Bluetooth has been initially defined for short range usage, typically headset and smartphone, with paired device broadcasting approach. According with Bluetooth SIG, the future launch of Bluetooth 5 at the end of 2016, beginning of 2017, will suppress these limitations in term of range and broadcasting capability, and also double the speed and by consequence half the power consumption. Let’s have a look at the various wireless architectures integrating Bluetooth low energy, and the preferred process technology associated with each option.
- Standalone RF transceiver: The controller and PHY are integrated in the transceiver chip that connects to the main SoC which houses the software stack and application code. RF transceiver is implemented in legacy nodes, like 180 nm.
- Wireless network processor: Several wireless protocols are integrated in a dedicated processor housing the wireless protocol stack, but the application code is in the application processor SoC. This network processor option target mature 90 nm node.
- Fully integrated wireless SoC: This monolithic, single die implementation is ideal for Bluetooth with the low energy technology for IoT applications. The Link Layer and PHY are integrated into the SoC that runs all software stacks and application codes. The 40nm and 55nm technology nodes are becoming popular for this monolithic option.
- Combo wireless chipset solution: Several wireless technologies such as WiFi and Bluetooth are integrated into a single transceiver connected to the SoC that includes the digital modem. All software, wireless stacks, and application codes reside in an external non-volatile memory. This solution is prevalent for mobile application processor and leverage aggressive process nodes like 28 nm, or below.
The combo wireless chipset architecture is offering unlimited off-chip memory, giving programmers more resources, but the number of chips (application processor + transceiver + flash) is too large if the goal is to develop a very low cost application, such as wearable or IoT device. Current wearable designs, like fitness wristbands, implementing Bluetooth LE for low bandwidth wireless connectivity, integrate only two chips: one SoC connected to a Bluetooth LE IC via a UART or I2C bus. It is now possible to push the integration for this type of application, by integrating the complete Bluetooth IP (Link Layer + PHY) into a single SoC. It’s technically possible, but what are the benefits?
A monolithic solution will offer the expected benefits like lower power, lower BOM cost and smaller footprint, all of these being extremely valuable for the target application. And it will also offer lower latency, as the data sent over the AMBA AHB bus can reduce latency by 5 to 10 cycles versus the SPI bus.
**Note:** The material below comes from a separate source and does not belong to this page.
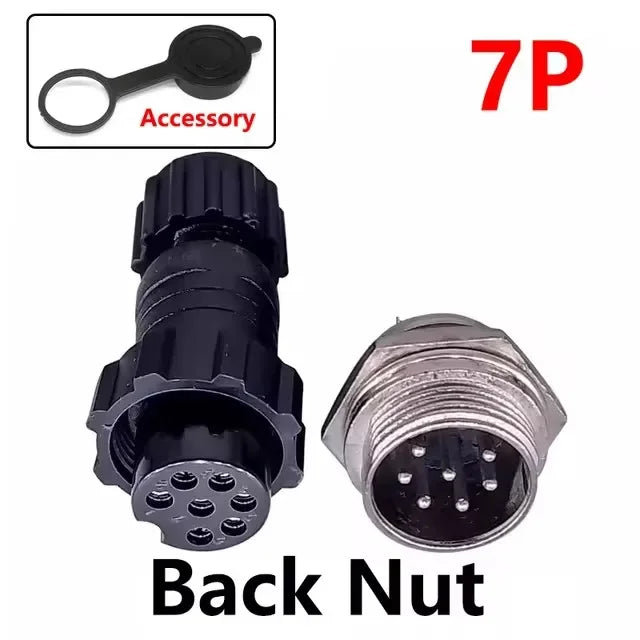 5/20Sets GX16 Aviation Connector M16 Waterproof Back Nut Docking Male&Female Plug And Socket 2/3/4pin 5pin 6pin 7pin 8pin 9pin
If we look more carefully at the power consumption, the two chip solution is made of a SoC, say in 40 nm or 55 nm, and one RF transceiver in 180 nm. Integrating the Bluetooth LE as an IP in the SoC will allow to seriously decreasing the power consumption part of the Bluetooth function. This function, implemented in a 180 nm process node (RF transceiver architecture), is now running in the SoC targeting 40 nm (55 nm) process node at much lower (Vdd) voltage, 0.9V for these ultra-low-power processes. This benefit is coming on top of the expected power saving going with the integration of two chips into a mono-chip. For battery powered devices like fitness wristbands, lower power consumption translate into longer usage, and the time between charges could make or break the product.
As mentioned earlier, the price point of a wearable or IoT device solution could be decisive. If it’s too high, the product will stay in a niche: cool, but too expensive to allow for wide market adoption. The wireless integration enables the removal of a complete chip sets, reducing packaging and test cost and removing duplication of power management. This can save over $0.15 in packaging costs and 20-30 extra pads that are required to support the additional wireless network processor. These savings, in conjunction with a reduced PCB footprint, make the total system cost savings very attractive.
The Bluetooth PHY is available on 180-nm, 55-nm and 40-nm process nodes allowing designers to also take advantage of the advanced processes’ power, area and performance benefits, especially on 55-nm and 40-nm. Moreover, the SoC development costs are still reasonable on these process nodes when compared with nodes below 28 nm. Unlike for very high volume applications like smartphone, or performance demanding like servers, targeting 55 nm or 40 nm process nodes allow enough power and cost savings to build successful systems for such low computing, low bandwidth systems.
Last but not least, the DesignWare Bluetooth Low Energy IP solution is qualified by the Bluetooth Special Interest Group (SIG) which is critical for designer success.